The approach is potentially applicable to other cancers, Rajkumar said. “As more and more drugs enter the picture, that kind of examination has to go on,” he said. “As new drugs come along, can we adjust the dosage down?”

However, a study of 1,196 people treated for advanced Hodgkin’s lymphoma at the University of Cologne in Germany indicated that high-dose treatment can sometimes be more effective. Patients treated with higher doses of varying chemotherapy regimens had better 10-year overall survival rates.

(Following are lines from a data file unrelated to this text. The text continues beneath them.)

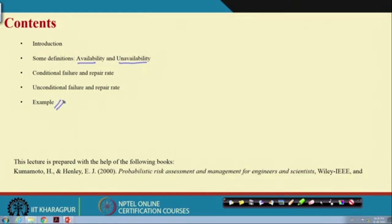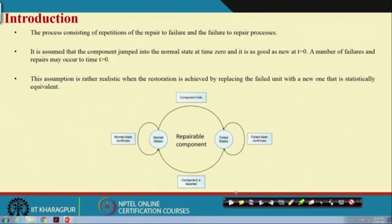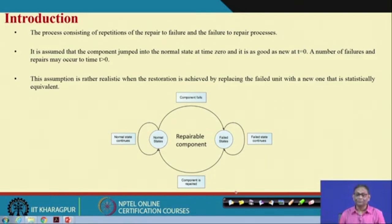We will work through an example to see how those parameters can be computed. Most of the material for today's lecture is taken from the book 'Probabilistic Risk Assessment and Management for Engineers and Scientists' by Kumamoto and Henley, 2000. Let me recollect what we have discussed so far related to repairable systems. We have assumed two states: the component is either working or in a fail state.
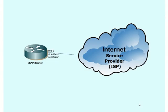The network can be visualized with the current slide. We have a single Okapi router connecting to the ISP represented by a network cloud. The IP address will be provided by the ISP and is hence mentioned as being negotiated in the diagram.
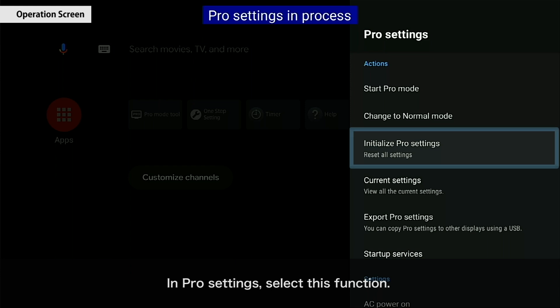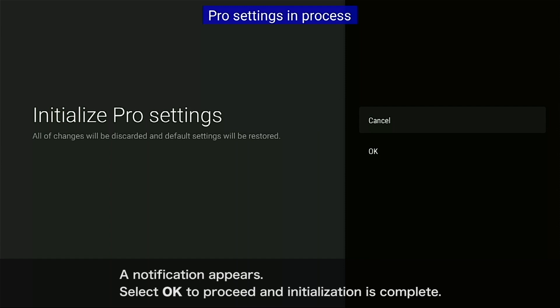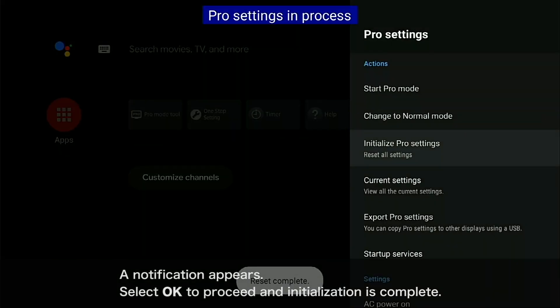In Pro settings, select this function. A notification appears. Select OK to proceed and initialization is complete.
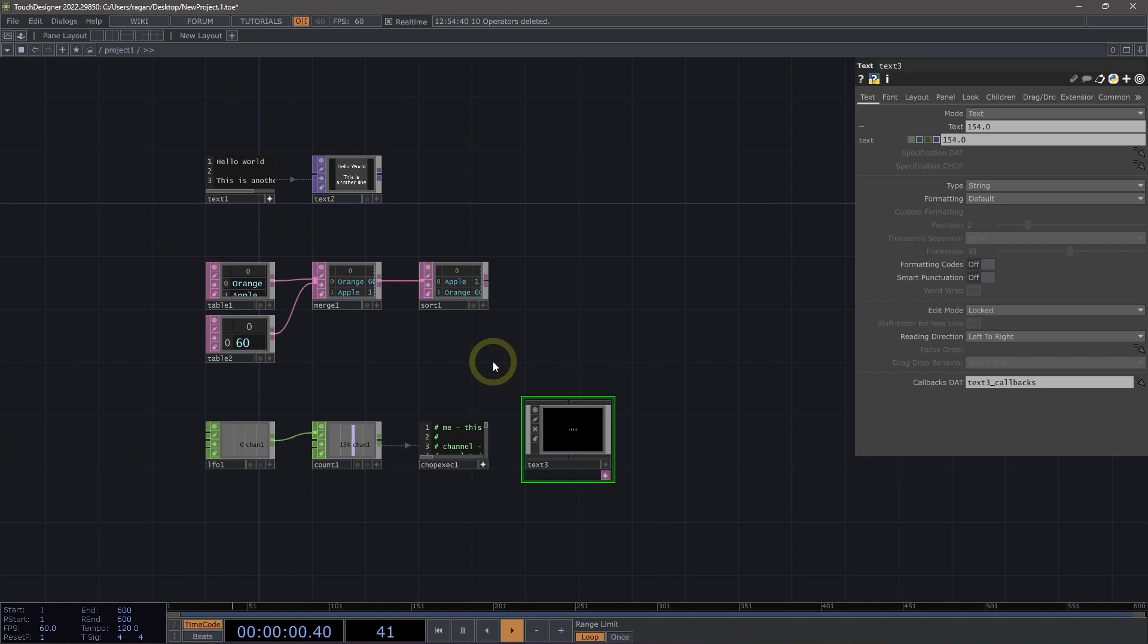This is just a little bit of some of the things you can do with DATS here inside TouchDesigner, and it's only just the tip of the iceberg. We'll see you next time.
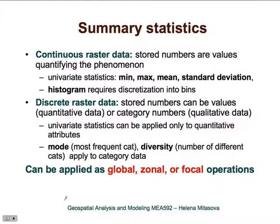For discrete raster data, we need to distinguish two different representations. The stored numbers can be quantitative values, such as erodibility or speed limit, or they can be category numbers — qualitative data — for example, an identification code for a certain land use. Univariate statistics can be applied only to quantitative attributes, such as mean erodibility or precipitation in a certain area. For qualitative data, we can compute mode — the most frequent category — or diversity, the number of different categories in certain locations.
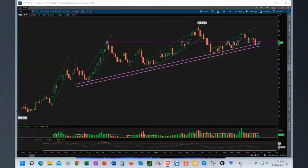Hello everyone, this is Mike with the Stock and Options Room at ShadowTrader. I'm going to talk a little bit today about the value of a long-term chart — a weekly chart, sometimes a monthly chart — and what they can be telling you in the larger scale that helps you make decisions in the near term.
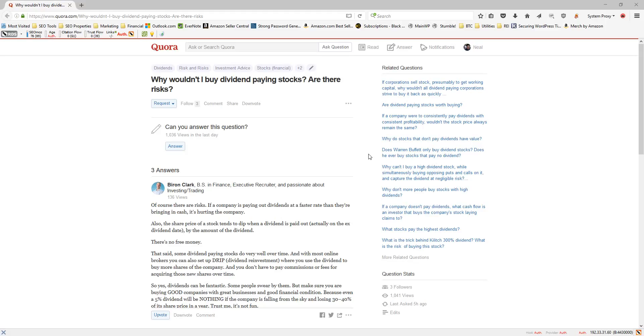Hey, this is Neil, and I got this question as something that I should have answered in my Quora feed. The question is, why wouldn't I buy dividend-paying stocks? Are there risks?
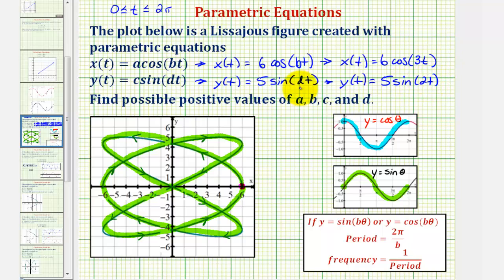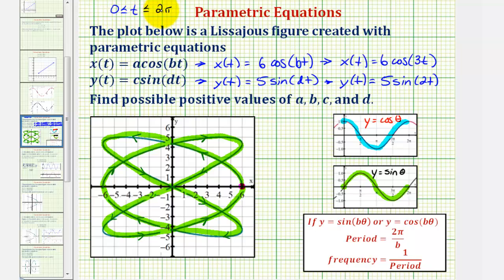As mentioned earlier, b and d are not unique, but their ratio is. As long as the cosine function completes three cycles every time the sine function completes two, we would trace out our figure, but the interval for t would change. Using these t values does help simplify the process slightly. I hope this was helpful.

In another advance reported at the meeting, successful use of a form of radio-immunotherapy, using an anti-lymphoma antibody coupled with a radioactive isotope, against various forms of non-Hodgkin’s lymphoma was reported by physicians at University Medical Center Utrecht, the Netherlands.

A single infusion of the combination treatment tiuxetan, prolonged by two years the time period for which there were no signs or symptoms of the cancer. Some 60,000 new cases of non-Hodgkin’s lymphoma are reported in the United States each year.

And physicians from the Hospital Avicenne in Paris reported that a new drug, azacitidine, was more effective than standard chemotherapy at prolonging survival among 358 patients with high-risk myelodysplastic syndromes (MDS), which currently have no cure other than bone marrow transplantation.